(Records from a dataset)
_ _ _ _ _ _ _
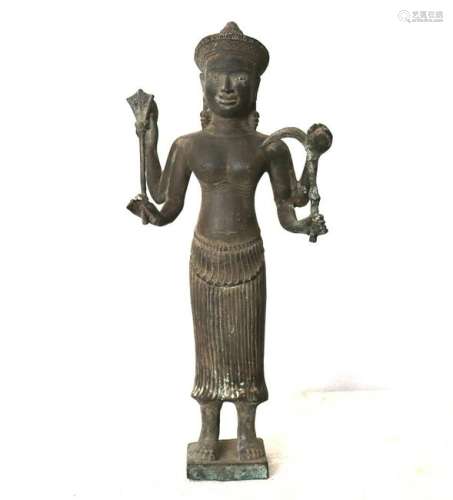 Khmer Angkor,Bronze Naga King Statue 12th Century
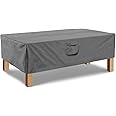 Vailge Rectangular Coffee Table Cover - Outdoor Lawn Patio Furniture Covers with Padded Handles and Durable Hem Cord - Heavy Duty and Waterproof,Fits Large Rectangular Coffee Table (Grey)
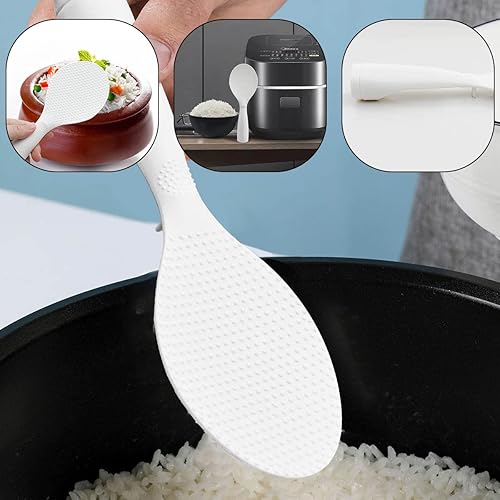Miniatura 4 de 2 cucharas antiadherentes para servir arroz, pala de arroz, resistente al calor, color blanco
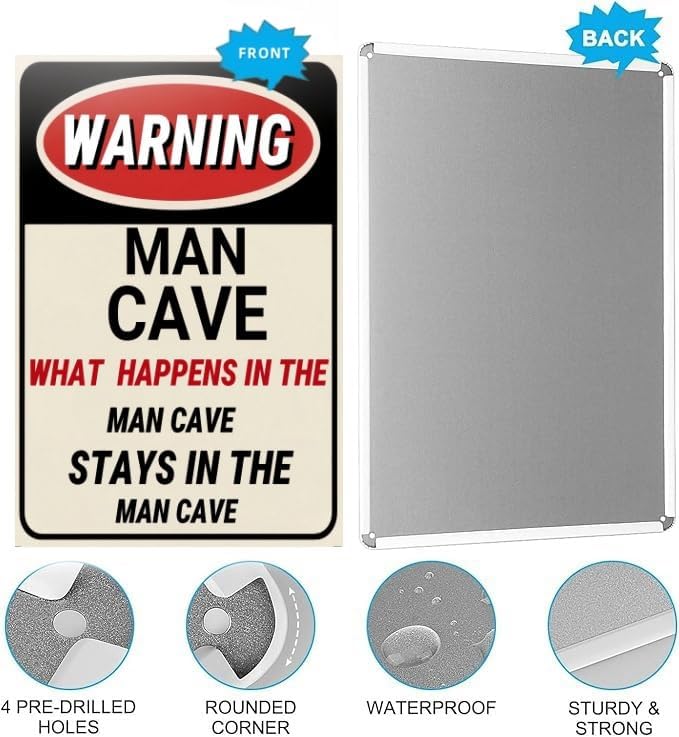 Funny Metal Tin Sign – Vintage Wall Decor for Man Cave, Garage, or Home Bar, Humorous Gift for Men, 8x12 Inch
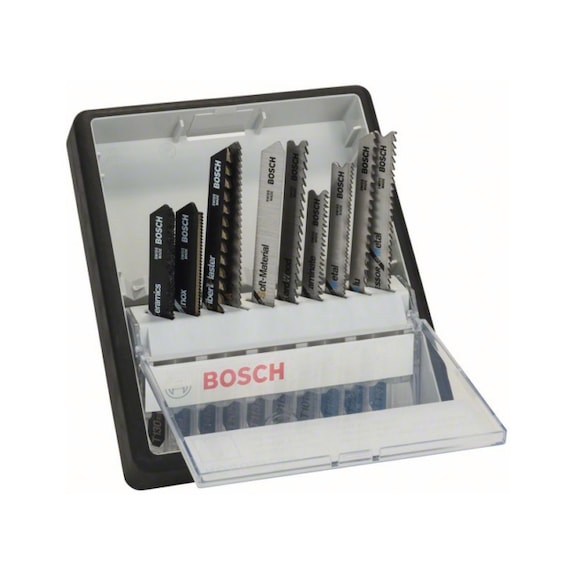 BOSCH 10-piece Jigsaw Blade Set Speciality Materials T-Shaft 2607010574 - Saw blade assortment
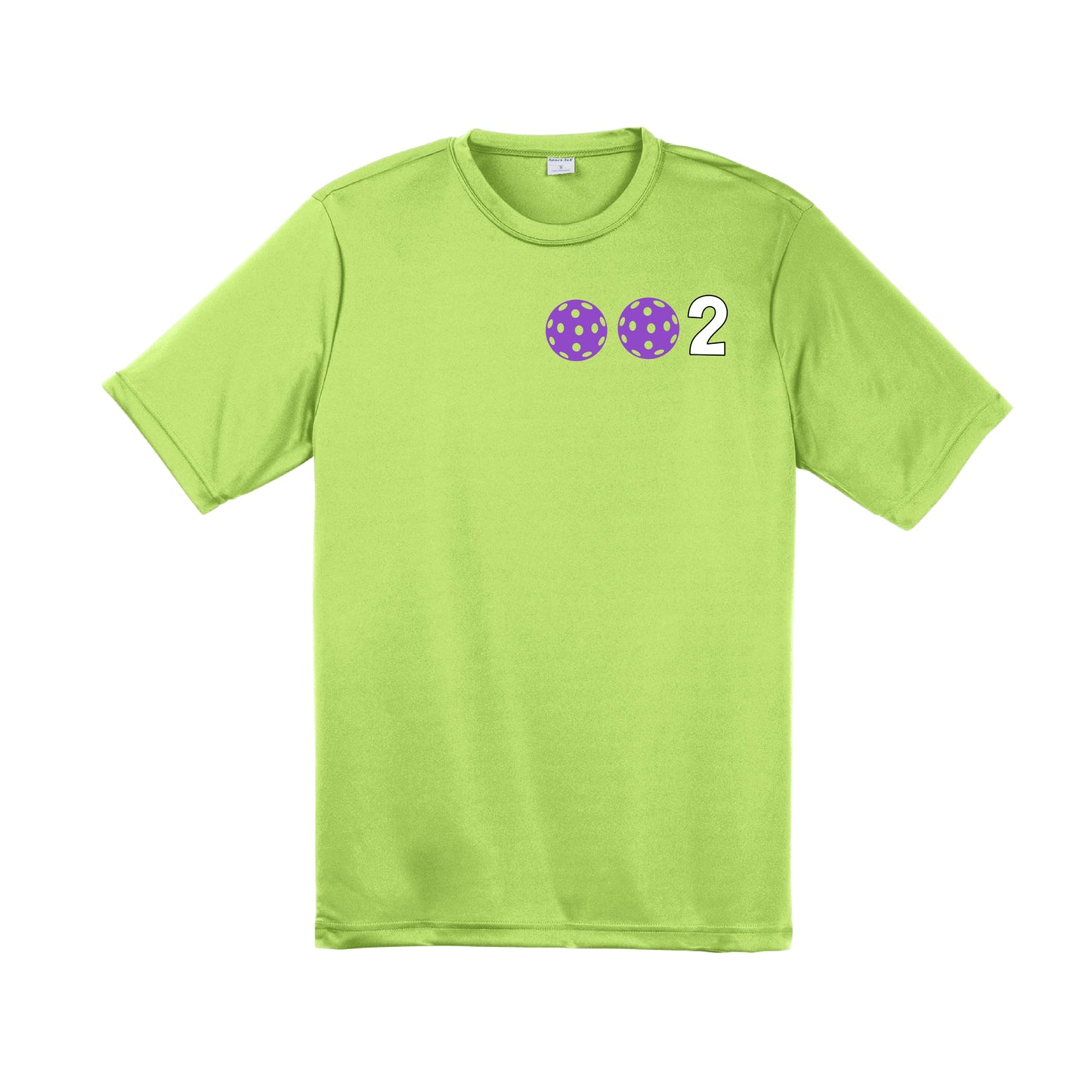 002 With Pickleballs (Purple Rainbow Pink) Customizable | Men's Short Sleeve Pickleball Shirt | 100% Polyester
_ _ _ _ _ _ _
#### [Exercise brief]
From the records above, extract the lines from the one holding "Miniatura 4 de" through the one holding "Funny Metal Tin", word for word; omit the pictures.

#### [Reply to the task]
Miniatura 4 de 2 cucharas antiadherentes para servir arroz, pala de arroz, resistente al calor, color blanco
 Funny Metal Tin Sign – Vintage Wall Decor for Man Cave, Garage, or Home Bar, Humorous Gift for Men, 8x12 Inch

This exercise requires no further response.